(Short text fragments from websites)
((
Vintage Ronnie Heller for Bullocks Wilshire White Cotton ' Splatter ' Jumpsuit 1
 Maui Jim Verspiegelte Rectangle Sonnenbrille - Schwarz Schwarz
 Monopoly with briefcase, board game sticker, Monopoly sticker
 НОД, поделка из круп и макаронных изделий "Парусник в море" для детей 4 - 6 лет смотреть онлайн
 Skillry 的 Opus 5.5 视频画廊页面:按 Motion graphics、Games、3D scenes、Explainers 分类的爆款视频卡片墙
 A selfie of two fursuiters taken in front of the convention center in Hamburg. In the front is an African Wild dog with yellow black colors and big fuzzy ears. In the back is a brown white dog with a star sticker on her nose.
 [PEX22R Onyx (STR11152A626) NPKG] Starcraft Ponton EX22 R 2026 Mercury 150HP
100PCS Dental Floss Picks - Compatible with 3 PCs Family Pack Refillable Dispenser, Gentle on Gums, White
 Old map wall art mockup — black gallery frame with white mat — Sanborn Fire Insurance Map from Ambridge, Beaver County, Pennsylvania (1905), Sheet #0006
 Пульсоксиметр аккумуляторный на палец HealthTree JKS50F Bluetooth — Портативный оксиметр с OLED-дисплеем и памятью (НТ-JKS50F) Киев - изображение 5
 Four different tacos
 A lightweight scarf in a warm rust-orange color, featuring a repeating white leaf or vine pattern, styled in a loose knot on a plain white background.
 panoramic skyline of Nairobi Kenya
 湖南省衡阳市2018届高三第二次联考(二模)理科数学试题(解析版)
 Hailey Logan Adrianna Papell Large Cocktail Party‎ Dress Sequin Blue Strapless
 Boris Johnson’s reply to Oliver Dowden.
))
Required work:
Copy out every entry exactly.

Result of this task:
Vintage Ronnie Heller for Bullocks Wilshire White Cotton ' Splatter ' Jumpsuit 1
 Maui Jim Verspiegelte Rectangle Sonnenbrille - Schwarz Schwarz
 Monopoly with briefcase, board game sticker, Monopoly sticker
 НОД, поделка из круп и макаронных изделий "Парусник в море" для детей 4 - 6 лет смотреть онлайн
 Skillry 的 Opus 5.5 视频画廊页面:按 Motion graphics、Games、3D scenes、Explainers 分类的爆款视频卡片墙
 A selfie of two fursuiters taken in front of the convention center in Hamburg. In the front is an African Wild dog with yellow black colors and big fuzzy ears. In the back is a brown white dog with a star sticker on her nose.
 [PEX22R Onyx (STR11152A626) NPKG] Starcraft Ponton EX22 R 2026 Mercury 150HP
100PCS Dental Floss Picks - Compatible with 3 PCs Family Pack Refillable Dispenser, Gentle on Gums, White
 Old map wall art mockup — black gallery frame with white mat — Sanborn Fire Insurance Map from Ambridge, Beaver County, Pennsylvania (1905), Sheet #0006
 Пульсоксиметр аккумуляторный на палец HealthTree JKS50F Bluetooth — Портативный оксиметр с OLED-дисплеем и памятью (НТ-JKS50F) Киев - изображение 5
 Four different tacos
 A lightweight scarf in a warm rust-orange color, featuring a repeating white leaf or vine pattern, styled in a loose knot on a plain white background.
 panoramic skyline of Nairobi Kenya
 湖南省衡阳市2018届高三第二次联考(二模)理科数学试题(解析版)
 Hailey Logan Adrianna Papell Large Cocktail Party‎ Dress Sequin Blue Strapless
 Boris Johnson’s reply to Oliver Dowden.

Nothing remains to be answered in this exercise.